Günümüz modern dünyasının “Motivasyon uzun süre devam etmiyor, duş almak da öyle, bu yüzden her gün alıyoruz” söylemini, birilerinin her gün bizi motive etmesi gerektiği şeklinde değil, sahip olduğumuz ve saymakla bitiremeyeceğimiz nimetlere şükrederek ve bunu her gün kendimize hatırlatarak lehimize çevirebiliriz. Bir ara, “doğduğum yıl olan 1968’de neler olmuş, ben niye o yıl dünyaya geldim acaba” gibi esprili bir sorudan yola çıkarak yaptığım araştırmada o yılın dünyanın en uzun yılı ve dünyayı sarsan yıl olarak nitelendirildiğini öğrenmiştim.

O yılın önemli olayları, doğan önemli isimler (ben listede yokum maalesef) ve ölen önemli isimler, uzun listelerle "wikipedia.org"da karşıma çıkmıştı. O yıl ölenler listesinde rastladığım Helen Keller’in hayat hikayesi ve söyledikleri bu yazımızı destekler mahiyette.

1882 yılında 18 aylıkken geçirdiği ateşli hastalık nedeni ile 88 yıllık ömrü boyunca kör, sağır ve dilsiz olarak yaşayan ve hayatı kitaplara, filmlere ilham olan Helen Keller, felsefe profesörü ve eğitimciydi. (İzlemeyenlere, Black isimli Bollywood filmini mutlaka izlemelerini tavsiye ediyorum.)

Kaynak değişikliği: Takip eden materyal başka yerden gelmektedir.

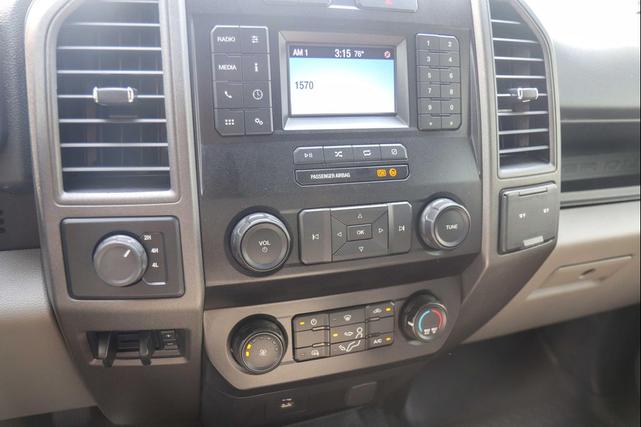 Photo of 2022 Oxford White Ford F-450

Yaşadığı dönemde, dünyanın sekizinci harikası olarak nitelendirilen Helen Keller diyor ki

“Bazen kendi kendime dünyada herkes senede iki gün görme ve işitme duyularından mahrum kalsa ne iyi olurdu diye düşünürüm. O zaman onlar karanlıkta, görme kabiliyetlerine daha çok değer vermeyi, sessizlikte seslerin verdiği zevki daha iyi duyabilmeyi öğrenebilirlerdi. Ben de birkaç günlüğüne görebilseydim, öncelikle bana iyilikleri ve yardımlarıyla hayatıma değer veren insanları görmek isterdim. Bir kimseyi görebilmenin insanlarda ne hisler uyandırdığını bilmiyorum. Ben sadece dokunarak onların yüz hatlarını, kederli mi neşeli mi olduklarını hissedebilirim. Fakat görenler acaba gözlerini iyi kullanıyorlar mı? Sevdiklerinin göz renklerini, yüz hatlarını biliyorlar mı?” Bu sorulara şu anda yeterli cevaplar veremeyebiliriz. Fakat daha önce söylediğimiz gibi: Hiçbir şey için asla geç değildir. Sahip olduklarımızın farkına varmanın ve kıymetini bilmenin bizi yeterince motive edeceği kanaatindeyim.